Fertiliser supply chains remain volatile. How are you helping farmers secure timely access and avoid spurious inputs?

India’s fertiliser markets operate under extreme seasonality, and disruptions—whether logistical, geopolitical, or pricing-related—tend to hit smallholders hardest. DCM Shriram has integrated advance booking systems to guarantee farmers assured supply during peak demand. This moves input access from uncertainty to predictability. The company has also intensified awareness drives to counter spurious or adulterated fertilisers, which remain a significant challenge in rural markets. By strengthening dealer monitoring and pushing product authentication tools, the company ensures that farmers receive the genuine formulations—especially premium nutrition solutions like Shriram Suryamin, which depend on purity and precise composition to deliver performance.

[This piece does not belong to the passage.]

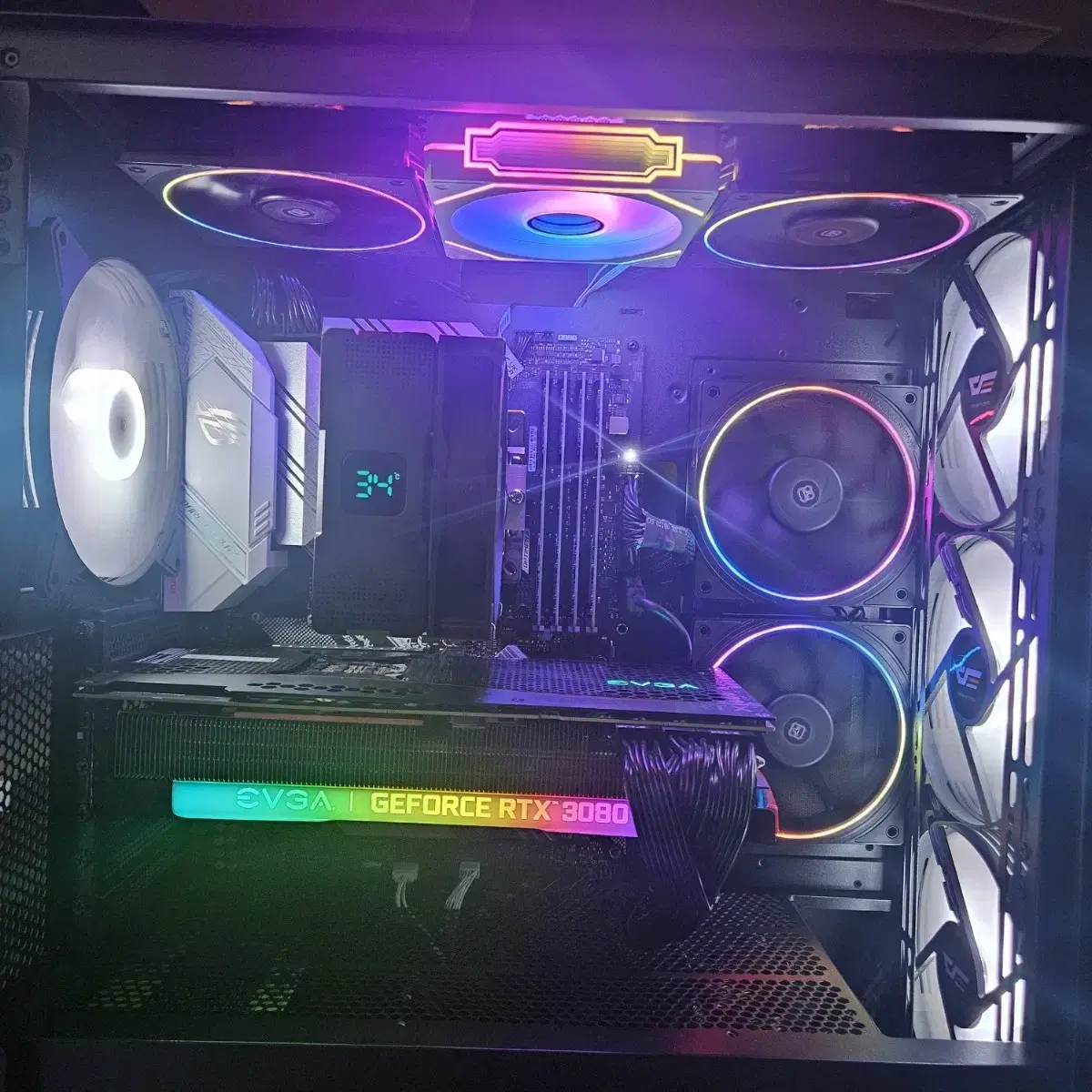 라이젠5700x3d rtx3080 FTW3 컴퓨터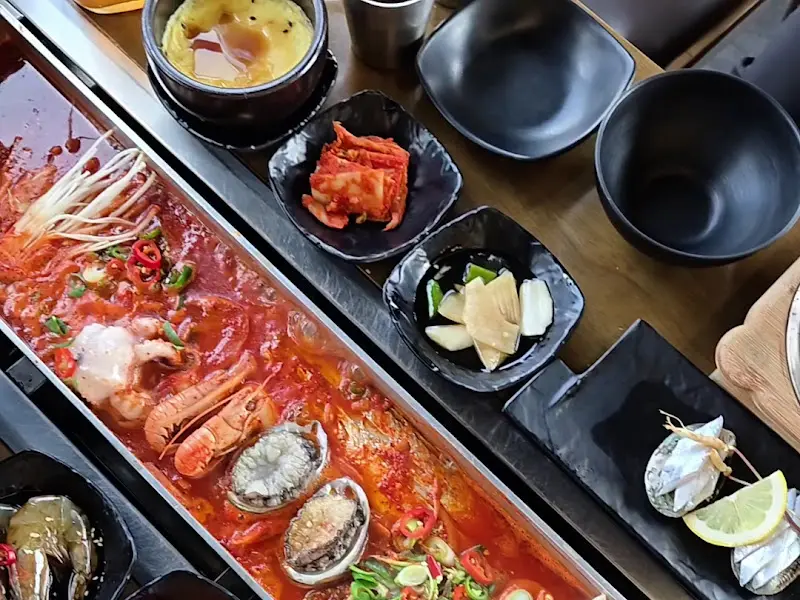 갈치조림과 밑반찬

How is DCM Shriram driving productivity through biofortification and crop-specific nutrition?

Productivity enhancement today is no longer just about yield—it is about nutrient density, soil synergy, and cost-efficiency. DCM Shriram’s biofortified seed innovations, led by cultivars such as Shriram Super 303, reflect this scientific shift. Meanwhile, crop-specific fertilisers, including nutrition enhancers like Shriram Suryamin, align nutrient delivery with crop physiology and climatic stress profiles. The results have been decisive: higher productivity, lower cost of production, and better resilience against heat and moisture stress. Farmers who adopt these seed-plus-nutrition combinations report significant improvements not just in output but in input-use efficiency and soil vitality.

What role do farmer engagement and extension services play in driving adoption?

The decisive moment for any agri-innovation happens not in the lab, but on the field. DCM Shriram’s extension engine is built around immersive demonstrations where farmers witness the performance of seeds such as Shriram Super 111, Shriram Super 252, and Shriram Super 272 under real-time conditions. The company conducts large-scale pre-season training to prepare growers for climate risks, optimal sowing patterns, irrigation strategies, and nutrient integration. Seeing cultivars consistently outperform under stress—particularly the Super-series hybrids—creates behaviour change faster than any marketing effort could. Live performance is the strongest form of persuasion.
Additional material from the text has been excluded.